Die Ungewissheit über die Angehörigen belastete damals tausende Familien, weiß die Leiterin des Ludwig-Boltzmann-Instituts für Kriegsfolgenforschung: „Es hat immer wieder Menschen gegeben, die regelmäßig zum Bahnhof gefahren sind, in der Hoffnung, dass der Angehörige unter den Heimkehrern ist oder sie zumindest Hinweise bekommen, wo sich die Angehörigen befinden, ob sie überhaupt noch am Leben sind.“

„Skora damoi“ – „Bald geht es nachhause“

Die Repatriierung wurde zwar vom Innenministerium organisiert, trotzdem war nicht immer klar, wann Züge ankommen und wer unter den Heimkehrern sein würde. Gerade in den ersten Jahren nach dem Krieg gab es auch noch keinen Briefkontakt. Zudem wurden die Kriegsgefangenen immer wieder vertröstet, sagt Stelzl-Marx. „Auf die Frage, wann sie nachhause dürften, hieß es nur ‚Skora damoi‘ – ‚Bald geht es nachhause‘.“

Die Kriegsgefangenschaft selbst beschreibt Stelzl-Marx als eine „ganz harte Zeit“. Der Grund dafür waren vor allem die Rahmenbedingungen. Zum einen das raue Klima bzw. die extrem kalten Winter, in denen die zerstörte sowjetische Wirtschaft wieder aufgebaut werden musste. Die Kriegsgefangenen wurden im Straßen- und Bergbau eingesetzt und errichteten Gebäude, „die auch bis heute den Ruf haben, sehr gründlich und gut gebaut worden zu sein“.
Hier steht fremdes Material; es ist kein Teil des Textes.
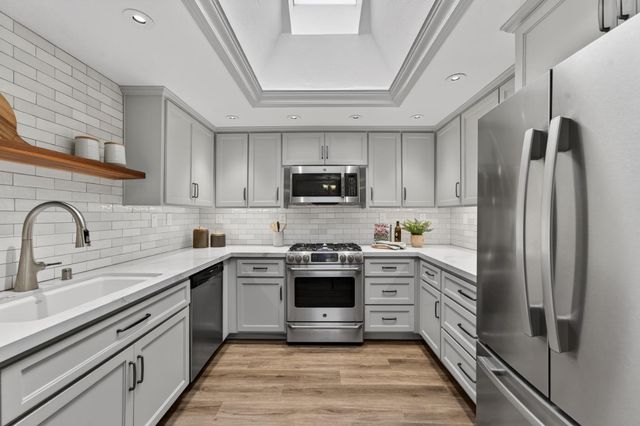 5010 Havelok St, Fair Oaks, CA 95628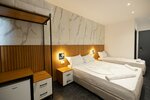 Трехместный номер «Делюкс» в Aglon Twin's Hotel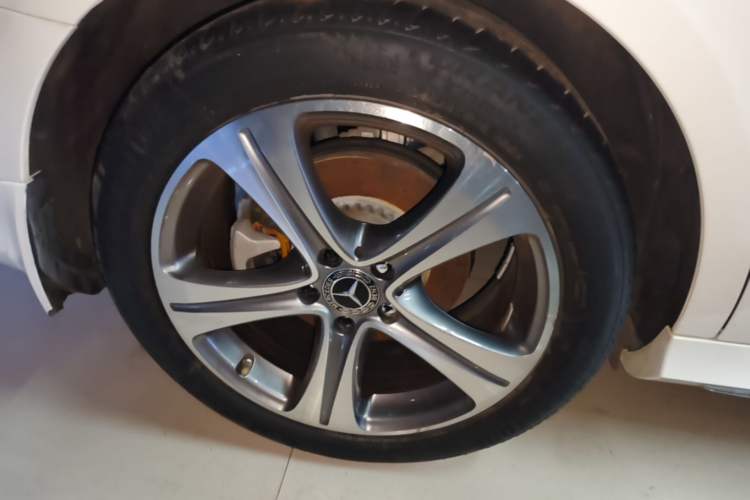Used Mercedes-Benz E-Class 2019 E 260 L Sport Edition Exterior 5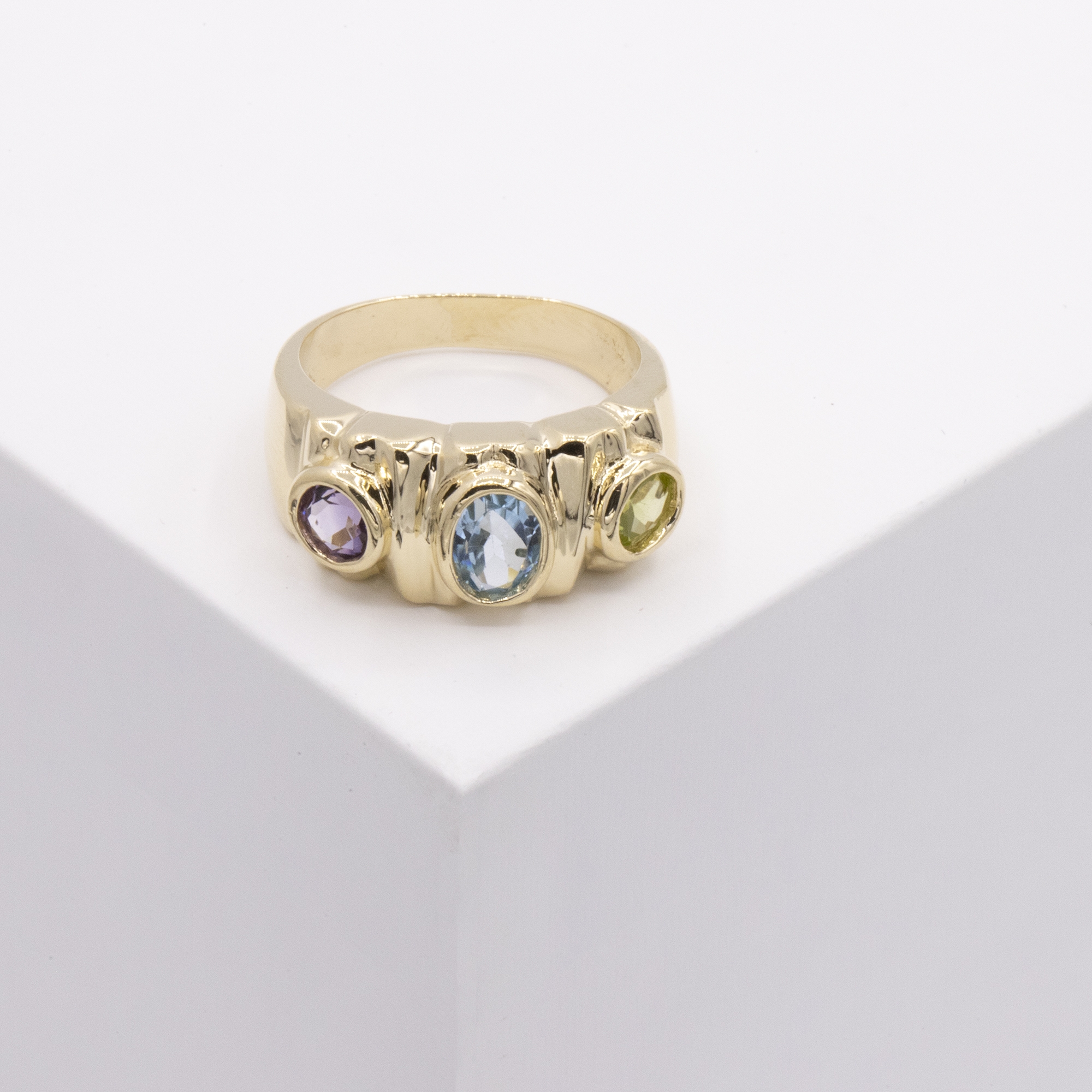 BEZEL SET GEMSTONE GOLD RING - Women's Rings - Jewelry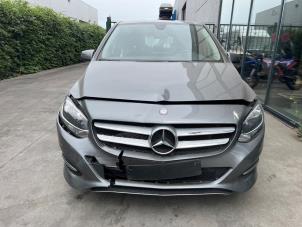 Mercedes B 1.6 B-180 BlueEFFICIENCY Turbo 16V Vehículo de desguace (2015, Gris)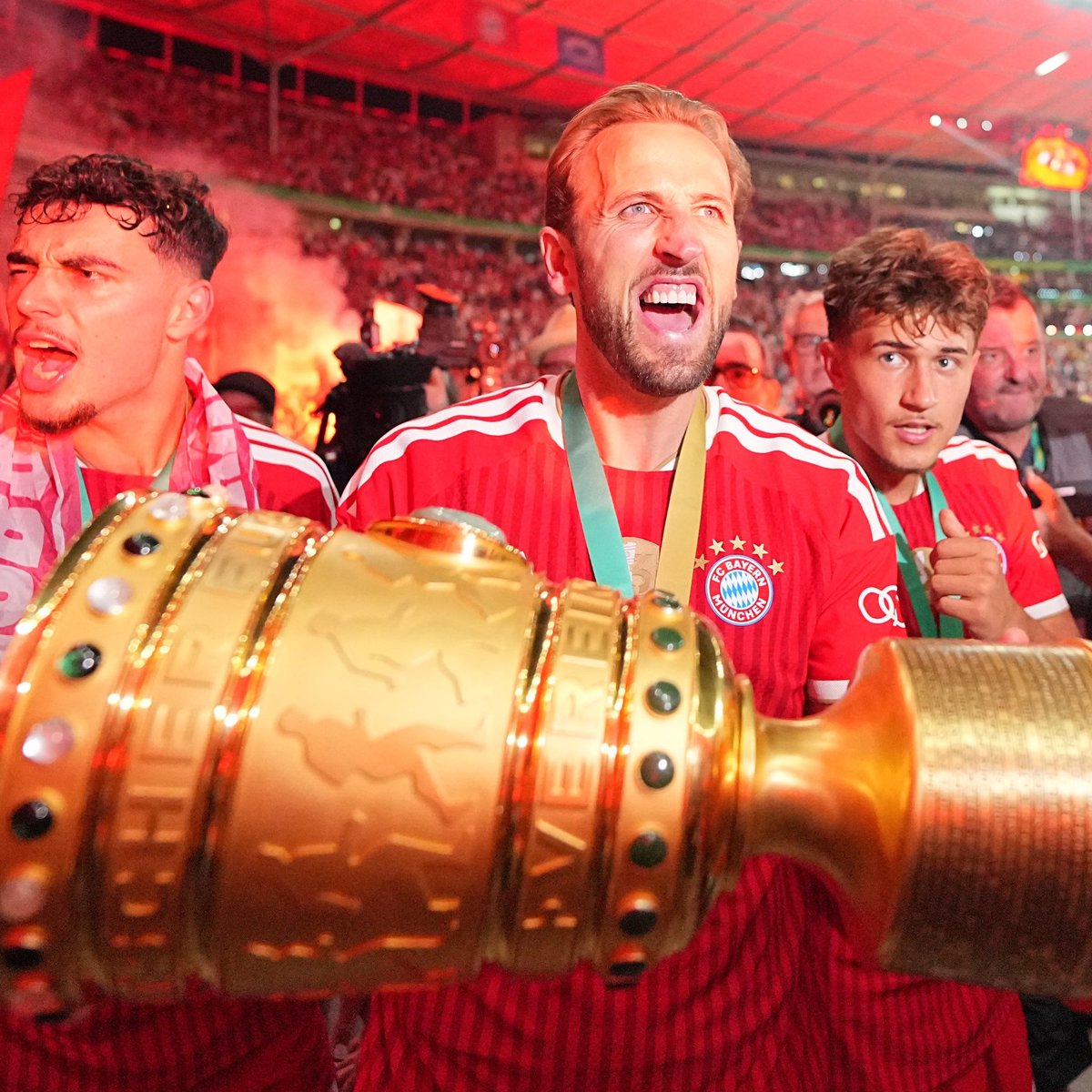 ActuFoot_'s tweet photo. 🚨🚨 Sauf retournement de situation, HARRY KANE 🏴󠁧󠁢󠁥󠁮󠁧󠁿 VA PROLONGER AU BAYERN MUNICH !!!! ❤️🤍

🗞️ @David_Ornstein https://t.co/Ofw705mCOi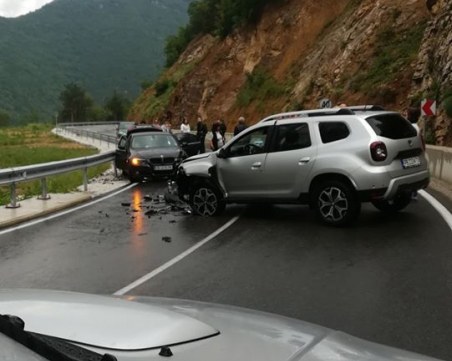 Катастрофа блокира пътя Кричим - Девин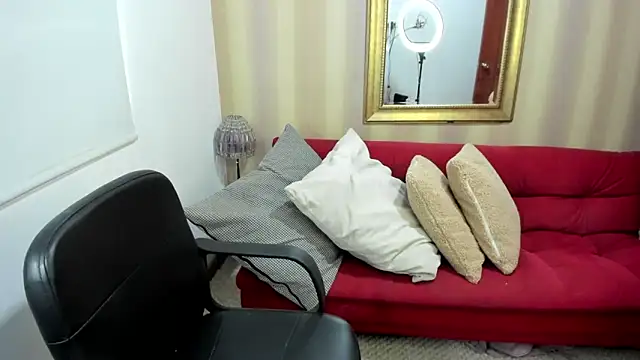 NicolettColin online show from November 23, 5:13 pm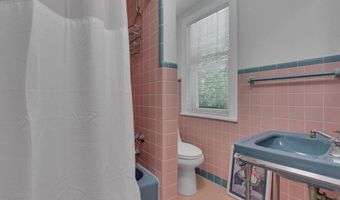 32 Inlet Ter, Belmar, NJ 07719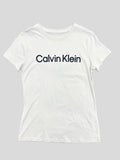Polera Calvin Klein logo estampado suede ‘beige’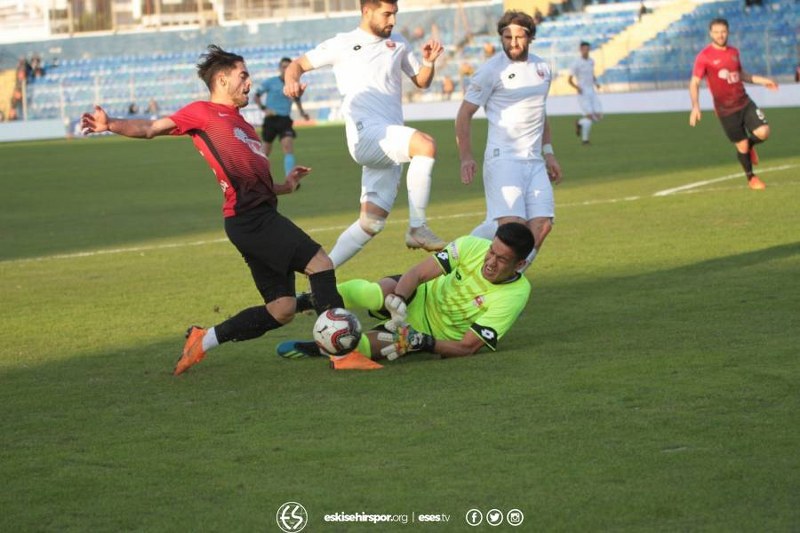 Eskişehirspor, Spor Toto 1. Lig'de kritik maçta Adanaspor'a 2-0 yenildi ve büyük bir yara aldı. Bu maça kadar deplasmanda puan alamayan Es Es bu maçtan da eli boş döndü.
Josef Smetana erinnert sich an die Rückkehrer-Transporte in Wiener Neustadt

Gleichzeitig war die Verpflegung äußerst schlecht, betont die Historikerin: „Viele kamen nicht zuletzt deshalb extrem abgemagert und sehr dünn aus der Kriegsgefangenschaft zurück, man spricht auch von einer völligen Auszehrung.“ Oft spielten auch Krankheiten und Unfälle eine Rolle.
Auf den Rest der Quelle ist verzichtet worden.